> MATERIAL FOR THE TASK
* * * * *
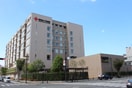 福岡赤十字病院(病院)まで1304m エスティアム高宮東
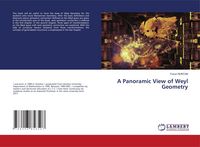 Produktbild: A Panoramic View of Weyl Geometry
* * * * *
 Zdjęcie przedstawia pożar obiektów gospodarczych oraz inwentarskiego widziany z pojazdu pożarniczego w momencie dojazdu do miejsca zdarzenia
* * * * *
> TASK REQUIREMENTS
Repeat exactly the lines above, beginning at the one containing "福岡赤十字病院(病院)まで1304m エスティアム高宮東" and ending at the one containing "Produktbild: A Panoramic". Do not carry over any pictures.

> OUTPUT OF THE TASK
 福岡赤十字病院(病院)まで1304m エスティアム高宮東
 Produktbild: A Panoramic View of Weyl Geometry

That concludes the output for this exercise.